Incoming solar radiation
Outgoing terrestrial radiation
Atmospheric mixes with varying levels of CO2
Clouds of all sorts at a wide range of altitudes
Oceans with currents and mixing and biota and ice and pretty sailboats in the sunset
Storms from gentle zephyrs to raging typhoons, clockwise and anti-clockwise
Volcanic aerosols
Soot aerosols
Polychlorinated fluorocarbons and ozone
Allbedo that varies with temperature
Humidity that varies with temperature
Farts
And a hundred other factors
Again, hmmmm..... that's going to be a little tough to fit into the space we've got. We need to SIMPLIFY. All you're really curious about is the effect of CO2 on the retention of solar energy, right? All those other things certainly have effects on the Earth's temperature, but it seems like a fairly safe assumption that they'll do what they do with or without CO2. Clouds will be clouds, volcanoes will be volcanoes and farts... well, the point is that we don't need them to see what we can see. Now WITHOUT all those things, we will not be able to construct an experiment that will directly tell us how much warming 120 ppm will cause. What can our experiment tell us.
Well, let's back up a little bit on both sides. Temperature is sort of a secondary effect. When I put a pot of water on the stove that I want to boil, I don't put centigrade degrees into it, do I. I put energy into it. The water's temperature is an external expression of how much energy it's got in it. Right? The more energy in the water, the higher its temperature. Now we can get fancy dan here and differentiate between potential and kinetic energy and thermodynamic and electromagnetic and nuclear and chemical and phlogostimaticalaciousnephrillianistic. But, in the real world, the sort of stuff we're dealing with pretty much all boils down to heat. We'll put some energy in (as solar radiation), some will come back out (as terrestrial thermal radiation) and the difference between the two will tell us how much energy the CO2 trapped.
I'd love to carry on with this style, but I have to get underway. This Monday is our 30th anniversary and the wife and I are taking a romantic weekend getaway.
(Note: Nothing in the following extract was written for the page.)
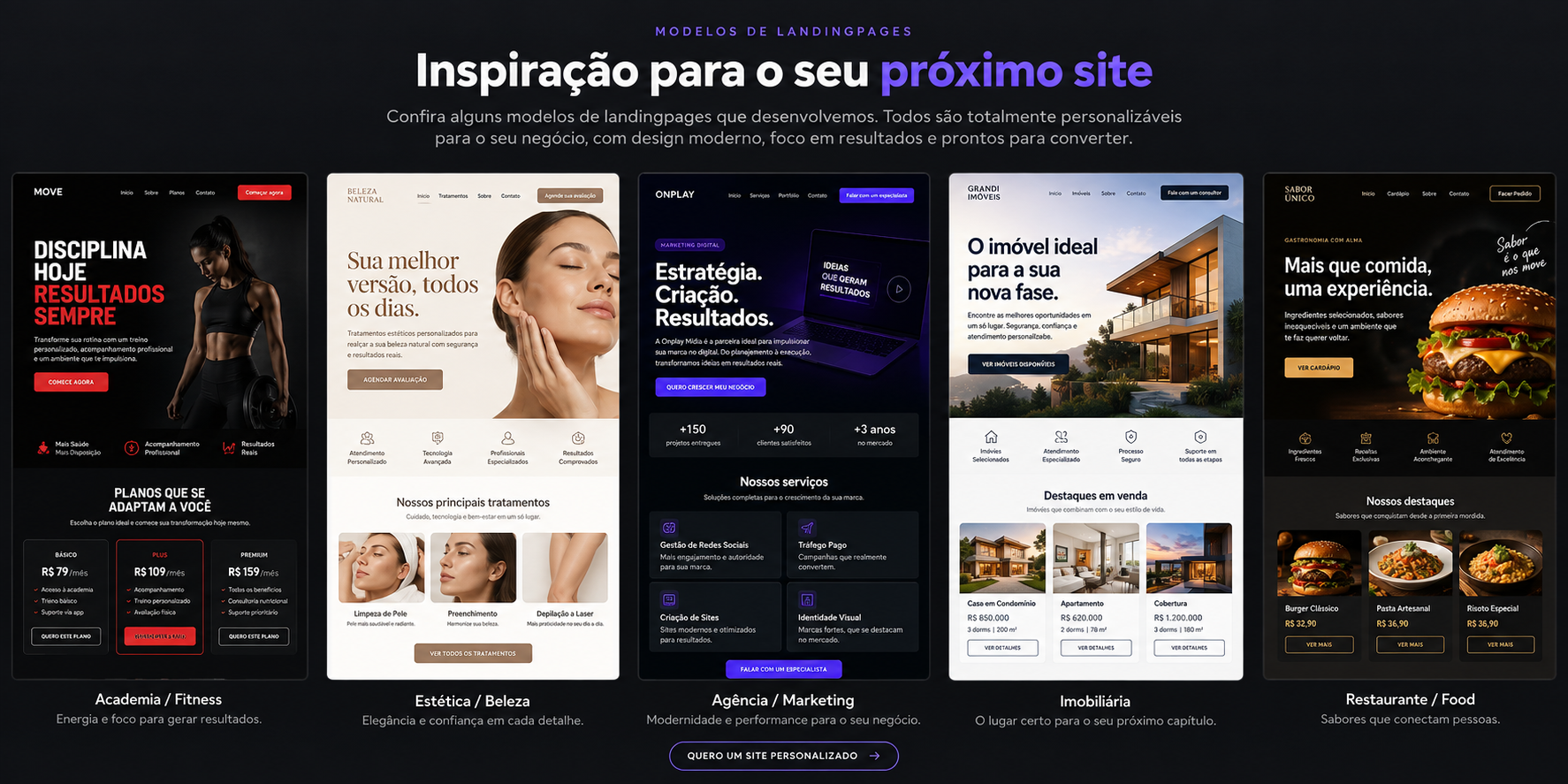 Modelos de landing pages criados pela Onplay Mídia — Academia, Estética, Agência, Imobiliária e Restaurante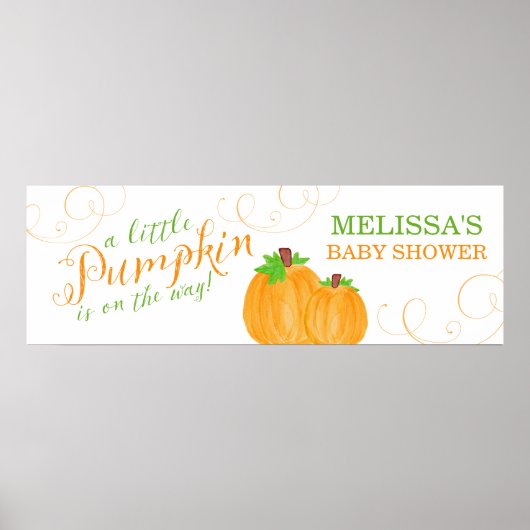 Waterverf Little Pumpkin Herfst Baby shower Poster (Voorkant)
What I've been trying to steer you towards, JC, is that the experiment we've been moving towards here is precisely the experiment that produces the CO2 absorption spectra with which your demand for an experiment has been fairly consistently answered. The data in that graph tells us (perhaps not you, but, by education, that's actually correctable) how much energy will be trapped by CO2 in the atmosphere. The calculation gets a little complicated. It involves something called spectral intensity - a measure of how much energy is present in each little vertical sliver of that graph. This allows us to calculate the energy in those divots that CO2 puts into the raw spectrum of IR the warmed Earth is radiating. And with some real numbers: like the spectral intensity of the solar radiation and that of the Earth's surface and the behavior of the atmosphere in all its different layers, we can come up with a fair number. Now, as we noted in the beginning here, there are a heck of a lot of other things going on in a planet this size that have their own effect on the final result. It's not a simple thing to take them all into account, but we can try. However, the crucial step, the one in which we figure out whether or not CO2 will cause temperatures to increase and ABOUT how much; that's been done, JC, over and over and over again.
The greenhouse effect is settled science. That CO2 is a greenhouse gas is a demonstrable fact. It's time to move on son.